Affordable Care Act Exchange Plans Negotiate Lower Hospital Prices Than Commercial Plans, According to New Schaeffer Center Analysis

A new analysis from USC Schaeffer Center researchers finds health plans offered on the insurance exchanges created under the Affordable Care Act (ACA) negotiate hospital prices equivalent to or lower than prices paid by commercial group plans. Both types of plans pay well above Medicare Advantage (MA) plans.

In their analysis, published today in AJMC, ACA exchange plans on average paid 89% of what commercial group plans paid for both inpatient and outpatient procedures. Compared to MA plans, ACA exchange plans paid 143% for inpatient procedures and 243% for outpatient procedures.

The researchers posit that ACA exchange plans may negotiate lower prices compared with commercial group plans because they have a narrow network design, or that hospitals are willing to accept lower rates for ACA exchange plans due to enrollees otherwise being uninsured and unable to pay hospital bills.

“In 2021, 73% of ACA enrollees had a household income at 100% to 250% of the federal poverty level so hospitals may be willing to take a lower reimbursement because it is still better than no reimbursement from uninsured patients,” said Samantha Randall, lead author and project specialist at USC Schaeffer Center.

While prices vary by insurer and hospital, ACA plans consistently negotiate lower hospital prices

The researchers were able to access hospital price data under price transparency laws that went into effect in 2021. They sought price data at 133 hospitals for 25 inpatient services and 56 outpatient services, seeking plan-specific prices for insurers that offered ACA exchange plans along with either commercial or MA plans at the same hospital. Ultimately, the researchers analyzed 19 common inpatient procedures and 13 common outpatient procedures from eight hospitals meeting this inclusion criteria. Among those hospitals, there were 16 hospital-insurer dyads with commercial group plans and 19 hospital-insurer dyads with MA plans.

In every case with the exception of one hospital-insurer dyad, the costs for ACA exchange plans were equal to, or less than, commercial group plans.
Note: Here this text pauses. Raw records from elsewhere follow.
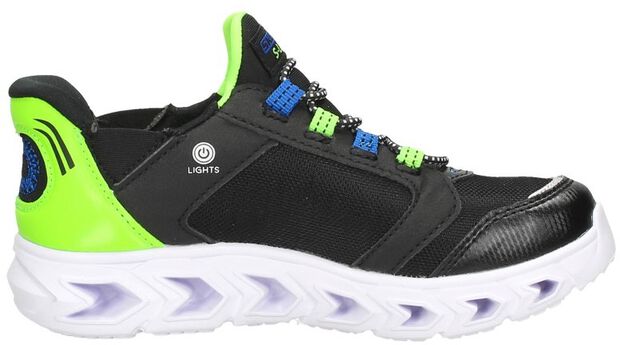 Slip-Ins: Hypno-Flash 2.0 - large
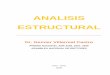 20090911 z libro analisis estructural gv v-illarreal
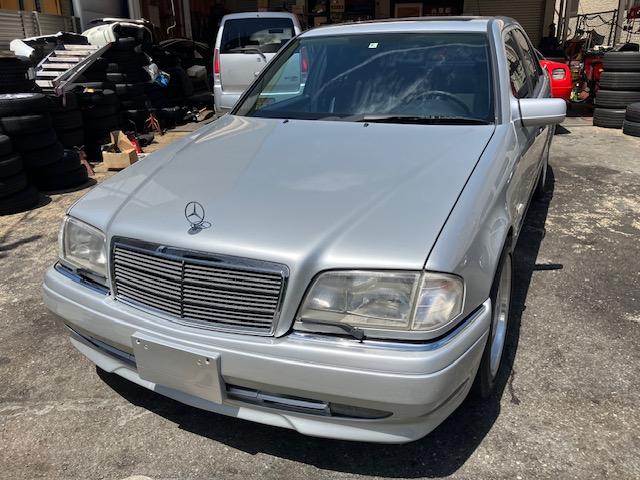 AMG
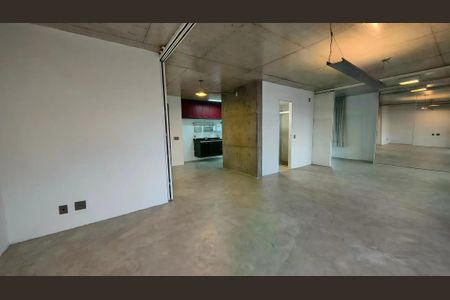 Apartamento para alugar com 1 quarto, 70m² em Vila Leopoldina, São Paulo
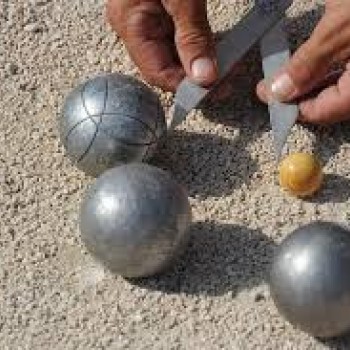 petanque.jpg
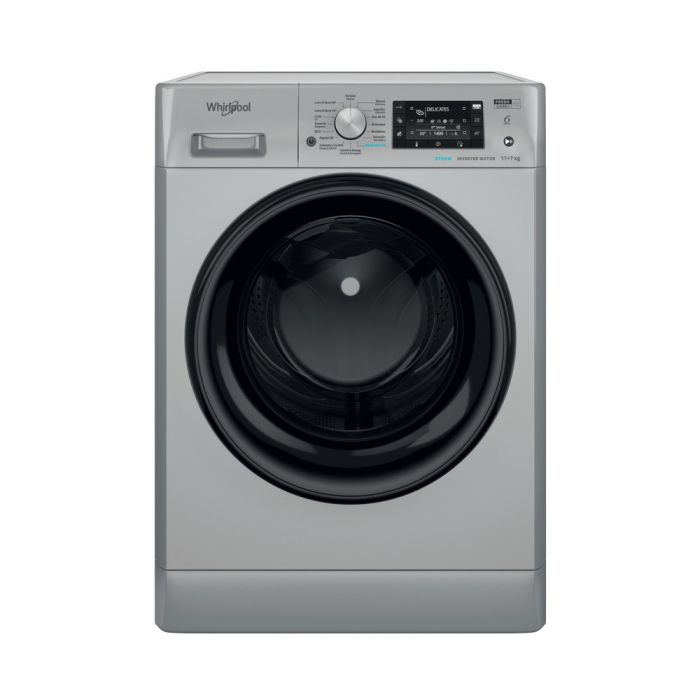LAVASECADORA 1174269 SBV SPT (WHIRLPOOL)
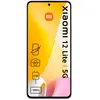Image de Xiaomi 12 Lite (128 Go, Lite Pink, 6.55", Double SIM, 5G), Téléphone portable, Pink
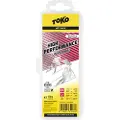 Toko World Cup High Performance Universal 120g Voks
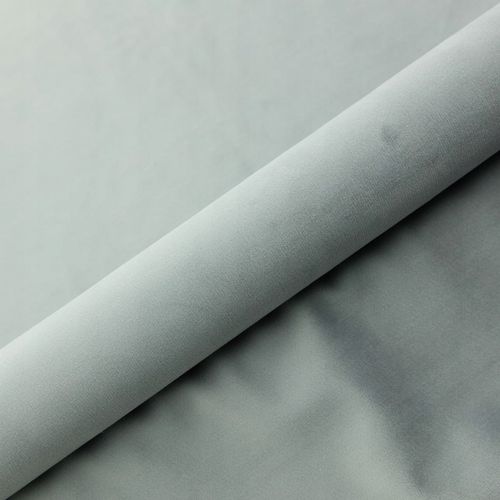 Łóżko 140x200 Paski na Arena.pl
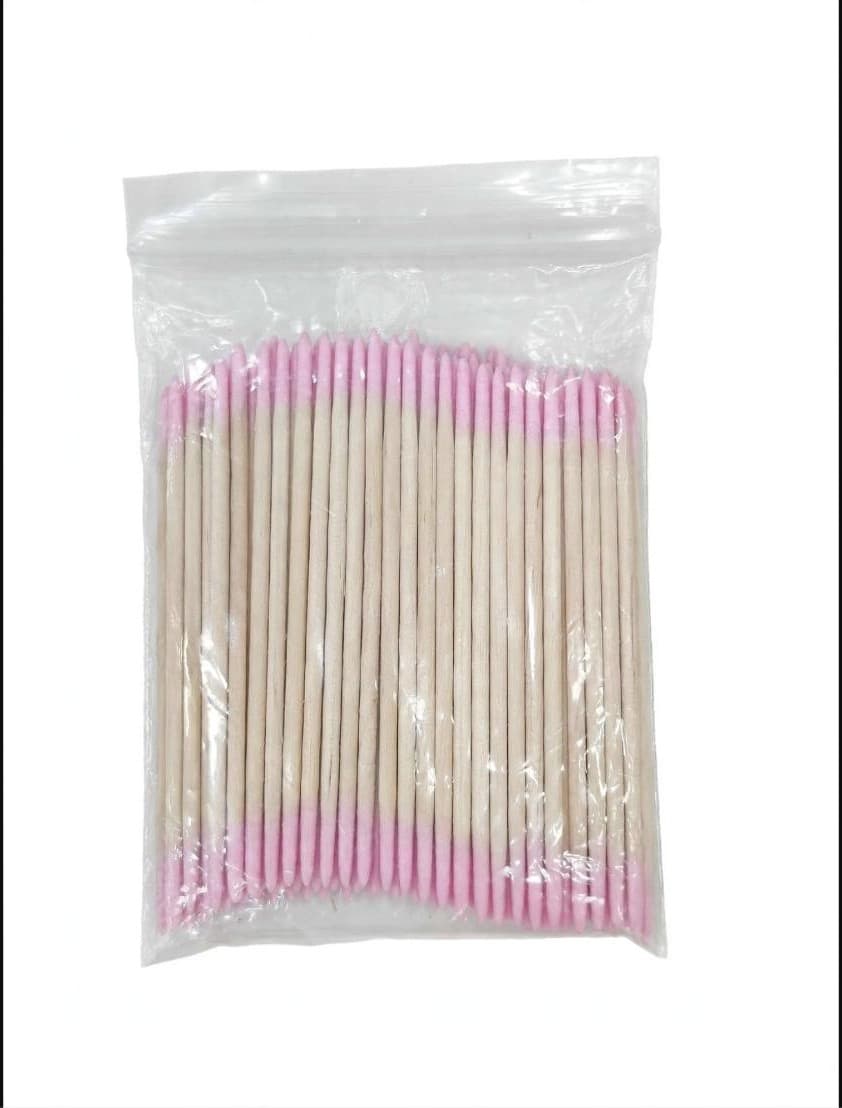 Cotton Swab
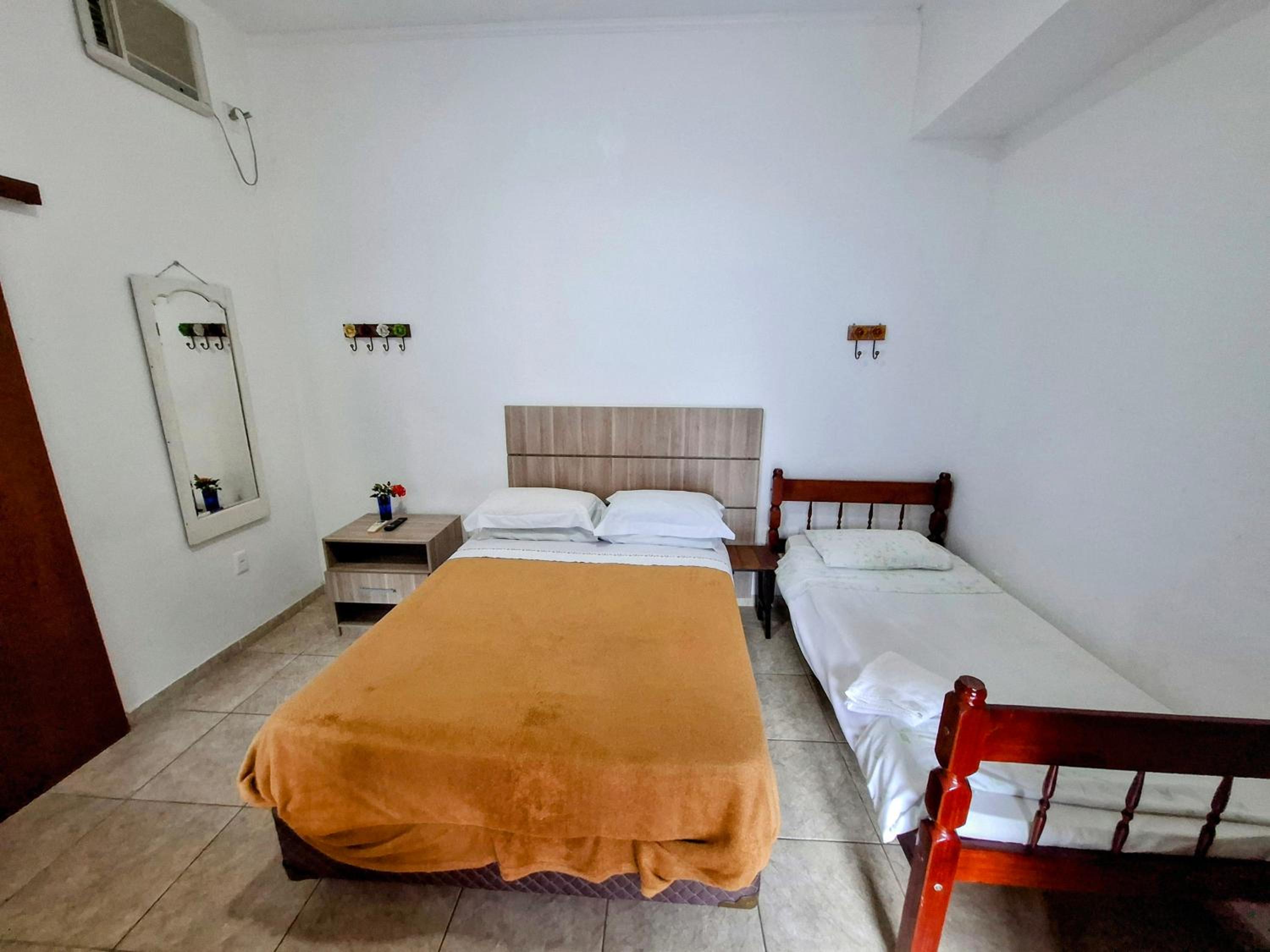 Vila Palmar Hospedagem, photo 15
Comparatively, ACA exchange plans’ prices were more than or equal to MA plans for every inpatient and outpatient service.

Using major joint replacement as an example, the researchers find that while the cost of the inpatient procedure varied, ACA exchange plans consistently negotiated equal to or lower prices than commercial group plans. The negotiated rate for ACA and commercial plans at some hospitals were similar. But, in at least four instances, ACA plans paid at least $6,000 less than the same insurer paid for its commercial plans at the same hospital.

Across hospital-insurer dyads that had ACA, commercial and MA prices available, the average cost for a joint replacement was $20,842 for ACA plans, $24,570 for commercial plans and $13,865 for MA plans.

Among the 22 hospital-insurer dyads, the researchers find 10 negotiate ACA exchange prices as a discount off their commercial group prices, six negotiate as a multiple of their MA prices, and one hospital’s ACA exchange prices are consistently aligned with both commercial group and MA prices, likely negotiated off a common source.

“This strongly suggests that many hospitals negotiate exchange prices as a simple discount off commercial group plan prices or a multiplier of the MA prices,” said Erin Duffy, coauthor and research scientist at USC Schaeffer Center.

Policymakers shouldn’t assume ACA exchange plans and commercial plans pay the same amount

The researchers advise policymakers to evaluate local market trends when considering introducing a public option to compete in their exchanges. If policymakers assume ACA exchange plans and commercial plans pay the same amount, premiums may reflect the higher commercial amount.

The researchers cite Washington state’s public option as an example where policymakers likely based prices off commercial plans, which resulted in public option premiums being 5% higher than average.

“We know there is a lot of variation in healthcare prices,” said Erin Trish, coauthor and co-director of the USC Schaeffer Center. “Our study shows that it is even common for the same insurer to pay a hospital different prices for the same procedure depending on whether the patient has coverage through the exchange or through an employer. It is important not to ignore these differences when making policy decisions.”    

The researchers add that payment differences between ACA and commercial plans impact the newly implemented No Surprises Act. The qualifying payment amount (QPA) is used during arbitration when a surprise bill creates a dispute between insurers and providers. The QPA should be calculated separately for ACA exchange plans and commercial group plans.“We are still fairly early days with these new transparency laws around hospital pricing,” Randall said. “As more hospitals comply, we’ll be able to take deeper dives into contracted rates, compare payment generosity across insurers, and assess broader pricing and competition.”

Sarah Green also coauthored the study. Funding for this study was provided in part from Arnold Ventures.